Bazılarının sandığının aksine son yirmi yılda da hiç frene basmadan dönen bir çarktan söz ediyorum.
"Dışarısı" bu çarka güveniyor, bu zemine dayanıyor.
***
Cumhurbaşkanı Erdoğan'ın "İlim insanlığın ortak malıdır, biz yerli aşımızın formülünü nereden talep gelirse paylaşmaya hazırız" açıklaması yaptığı günün akşama yaklaşan saatlerinde trafikteyim.***
Anlamışsınızdır...
Öyle kültürel formlardan, zevklerden, renklerden falan söz etmiyorum; yanlış anlaşılmasın, o başka bir şey.

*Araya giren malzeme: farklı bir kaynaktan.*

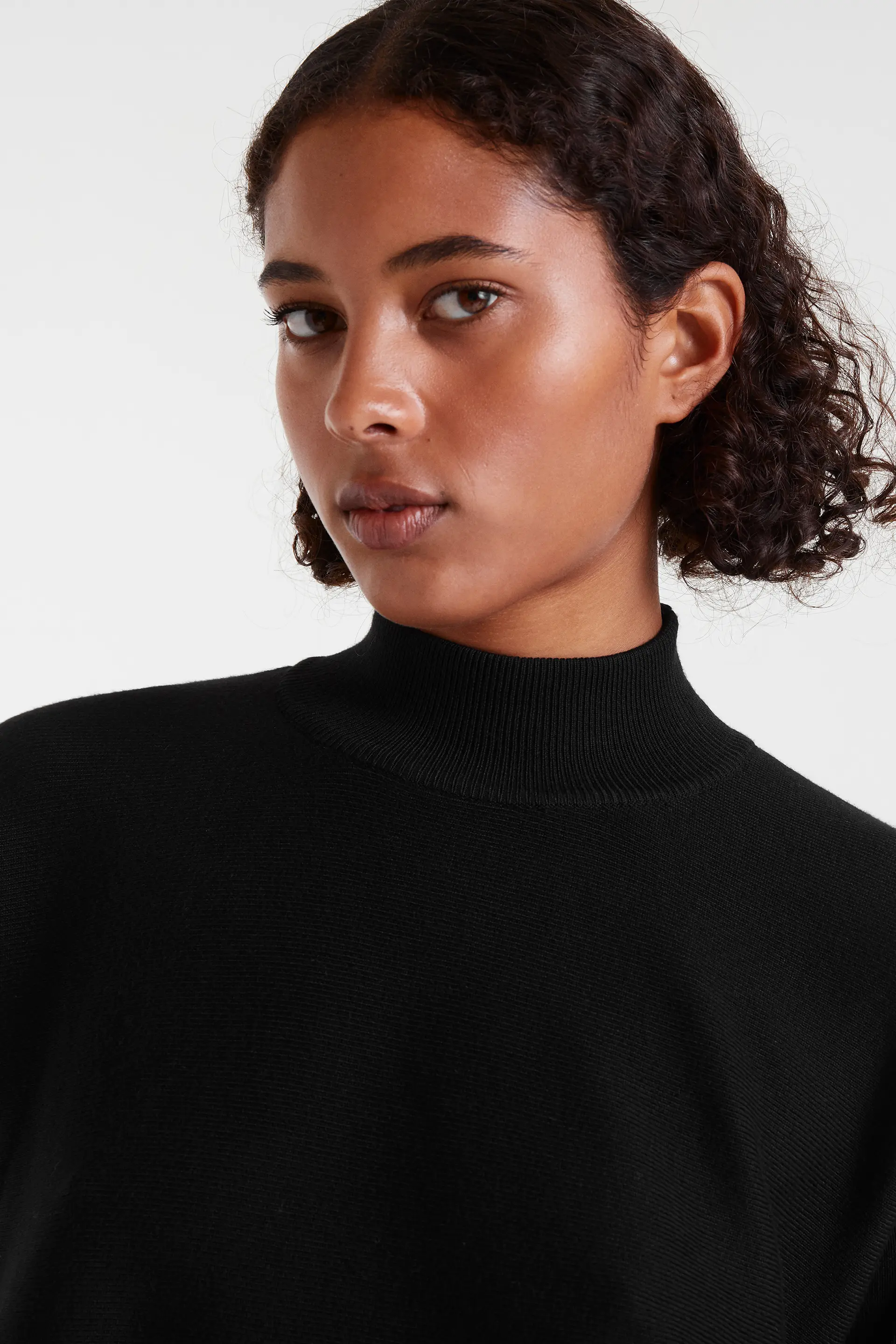 Jersey evasé cuello perkins negro - Image 4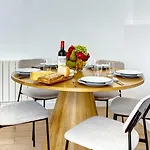 Tbs 194 - Elegant Apartment In Paris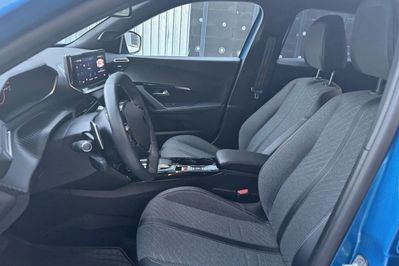 Peugeot 2008 1.2 PureTech  EAT8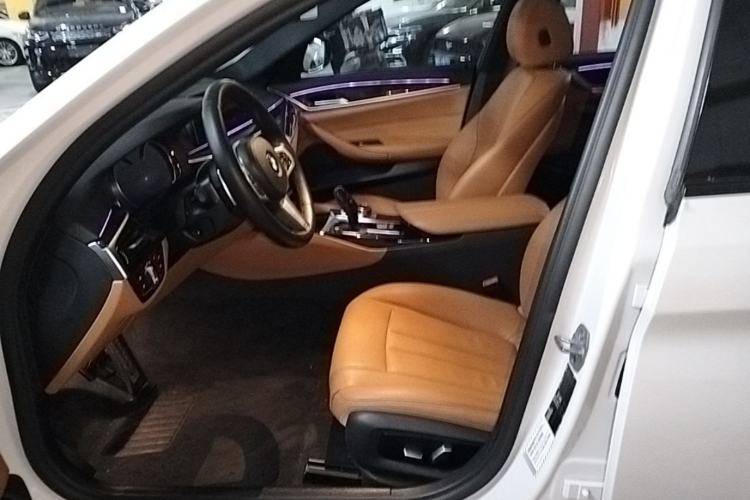Used BMW 5 Series 2018 Restyled 530Li Leading Edition M Sport Package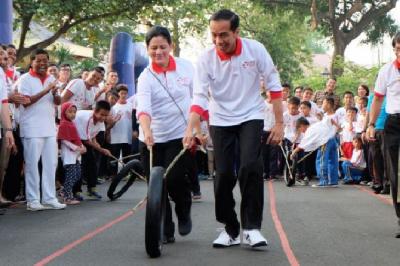 Jokowi Blusukan ke Pasar Gede Klaten, Ia Membagikan Buku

Nereye baktığımızı, neyle ilgilendiğimizi belirleyen ve zihinleri kuşatan bir şeyden söz ediyorum.
Bir tür dikkat yoğunlaşması...
Ecnebi dikkat yani...
Sömürge kafası bir bakıma...
Niçin anlatıyorum bunu?
Bazı meslektaşlarım "biz doğruları gösterelim, haber yapalım, anlatalım, eninde sonunda görülür" inancıyla haber yapıyorlar ya...
Ecnebi at gözlükleri takılmış zihinler karşısında zor iş.
Çıkart, çıkartabilirsen o gözlükleri!
***
NOT DEFTERİ
Çalışılmış düzensizlik, disiplinin; çalışılmış korku, cesaretin; çalışılmış zayıflık, gücün hazırlayıcısıdır. (SUN Zİ / Savaş Sanatı)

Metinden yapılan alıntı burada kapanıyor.